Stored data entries
******************************

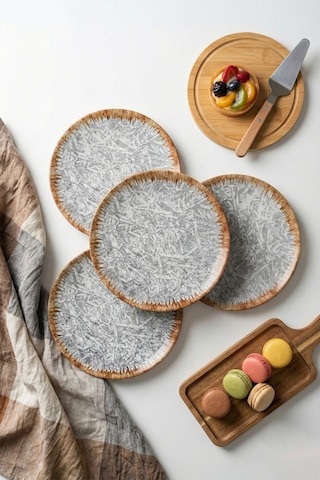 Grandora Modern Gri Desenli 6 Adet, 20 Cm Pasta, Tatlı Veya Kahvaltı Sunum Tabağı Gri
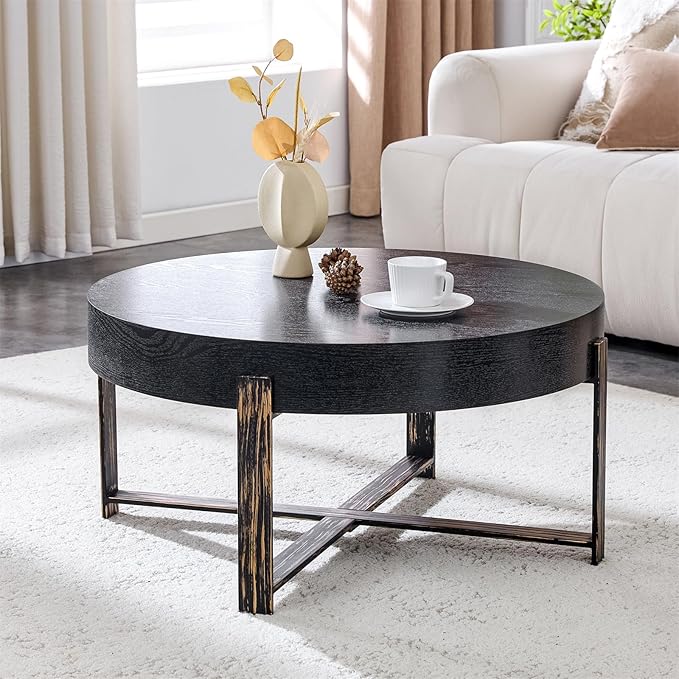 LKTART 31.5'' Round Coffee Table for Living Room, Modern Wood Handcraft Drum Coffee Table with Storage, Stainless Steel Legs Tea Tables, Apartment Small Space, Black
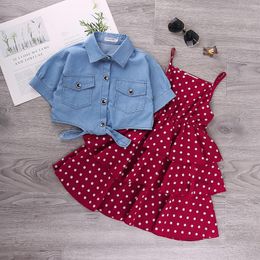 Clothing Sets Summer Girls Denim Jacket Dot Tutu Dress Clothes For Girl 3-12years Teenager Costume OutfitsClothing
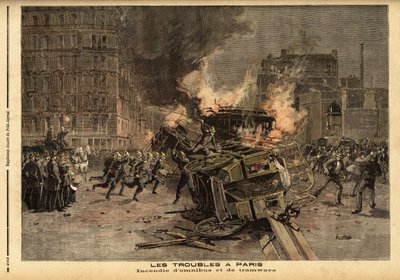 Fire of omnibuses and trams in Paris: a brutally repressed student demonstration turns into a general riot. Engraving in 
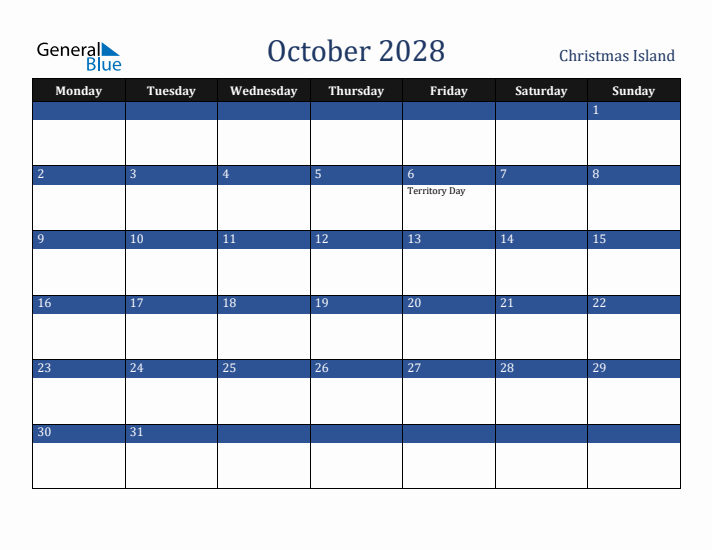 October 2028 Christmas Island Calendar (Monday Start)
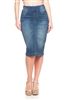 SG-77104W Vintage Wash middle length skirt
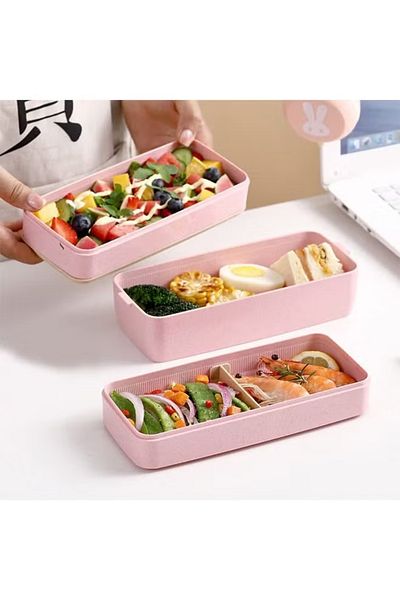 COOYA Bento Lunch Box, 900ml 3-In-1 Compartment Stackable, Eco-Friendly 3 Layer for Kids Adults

******************************

## EXERCISE AIM:
Output the whole of the data, unchanged; keep the pictures out.

## ANSWER TO THIS TASK:
 Grandora Modern Gri Desenli 6 Adet, 20 Cm Pasta, Tatlı Veya Kahvaltı Sunum Tabağı Gri
 LKTART 31.5'' Round Coffee Table for Living Room, Modern Wood Handcraft Drum Coffee Table with Storage, Stainless Steel Legs Tea Tables, Apartment Small Space, Black
 Clothing Sets Summer Girls Denim Jacket Dot Tutu Dress Clothes For Girl 3-12years Teenager Costume OutfitsClothing
 Fire of omnibuses and trams in Paris: a brutally repressed student demonstration turns into a general riot. Engraving in 
 October 2028 Christmas Island Calendar (Monday Start)
 SG-77104W Vintage Wash middle length skirt
 COOYA Bento Lunch Box, 900ml 3-In-1 Compartment Stackable, Eco-Friendly 3 Layer for Kids Adults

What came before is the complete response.